**BRIEF**: Could you copy, exactly as written, every line from the first line of the records through the one containing "Ciężki dzień pracy"?

——

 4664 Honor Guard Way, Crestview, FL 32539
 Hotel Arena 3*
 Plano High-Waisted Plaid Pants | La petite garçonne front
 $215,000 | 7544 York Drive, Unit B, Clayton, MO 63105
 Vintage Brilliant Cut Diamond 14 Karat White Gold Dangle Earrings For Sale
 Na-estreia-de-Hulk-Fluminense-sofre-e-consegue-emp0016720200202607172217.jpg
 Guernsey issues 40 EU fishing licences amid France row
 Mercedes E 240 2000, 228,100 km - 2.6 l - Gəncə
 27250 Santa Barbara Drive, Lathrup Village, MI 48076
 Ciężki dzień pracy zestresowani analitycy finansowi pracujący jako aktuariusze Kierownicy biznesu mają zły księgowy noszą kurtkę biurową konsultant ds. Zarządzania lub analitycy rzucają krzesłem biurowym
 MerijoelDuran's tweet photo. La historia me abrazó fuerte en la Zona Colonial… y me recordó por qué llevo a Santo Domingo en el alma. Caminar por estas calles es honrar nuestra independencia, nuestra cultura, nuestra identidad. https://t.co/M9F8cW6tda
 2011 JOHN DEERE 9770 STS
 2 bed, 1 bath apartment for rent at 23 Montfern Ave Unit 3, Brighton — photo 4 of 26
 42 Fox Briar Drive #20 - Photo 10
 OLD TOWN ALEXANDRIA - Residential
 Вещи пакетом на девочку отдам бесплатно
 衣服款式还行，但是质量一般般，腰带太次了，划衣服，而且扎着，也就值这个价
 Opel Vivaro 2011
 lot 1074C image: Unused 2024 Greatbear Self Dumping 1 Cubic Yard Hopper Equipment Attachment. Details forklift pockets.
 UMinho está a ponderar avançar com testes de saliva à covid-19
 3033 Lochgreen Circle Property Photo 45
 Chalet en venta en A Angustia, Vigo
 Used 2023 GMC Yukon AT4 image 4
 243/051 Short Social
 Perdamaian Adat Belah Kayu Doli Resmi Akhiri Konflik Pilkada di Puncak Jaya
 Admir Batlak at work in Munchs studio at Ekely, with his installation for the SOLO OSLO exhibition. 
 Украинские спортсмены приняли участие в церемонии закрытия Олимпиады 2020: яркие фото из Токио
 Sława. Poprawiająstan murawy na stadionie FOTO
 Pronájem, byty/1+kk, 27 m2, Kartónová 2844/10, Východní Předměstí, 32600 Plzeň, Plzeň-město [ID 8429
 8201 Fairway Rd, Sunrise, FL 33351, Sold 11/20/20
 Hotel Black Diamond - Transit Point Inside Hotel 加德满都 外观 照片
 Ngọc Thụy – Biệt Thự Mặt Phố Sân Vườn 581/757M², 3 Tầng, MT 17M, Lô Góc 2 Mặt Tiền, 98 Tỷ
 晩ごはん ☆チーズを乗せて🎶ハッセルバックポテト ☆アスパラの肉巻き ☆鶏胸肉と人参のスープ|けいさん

——

**TASK ANSWER**:
 4664 Honor Guard Way, Crestview, FL 32539
 Hotel Arena 3*
 Plano High-Waisted Plaid Pants | La petite garçonne front
 $215,000 | 7544 York Drive, Unit B, Clayton, MO 63105
 Vintage Brilliant Cut Diamond 14 Karat White Gold Dangle Earrings For Sale
 Na-estreia-de-Hulk-Fluminense-sofre-e-consegue-emp0016720200202607172217.jpg
 Guernsey issues 40 EU fishing licences amid France row
 Mercedes E 240 2000, 228,100 km - 2.6 l - Gəncə
 27250 Santa Barbara Drive, Lathrup Village, MI 48076
 Ciężki dzień pracy zestresowani analitycy finansowi pracujący jako aktuariusze Kierownicy biznesu mają zły księgowy noszą kurtkę biurową konsultant ds. Zarządzania lub analitycy rzucają krzesłem biurowym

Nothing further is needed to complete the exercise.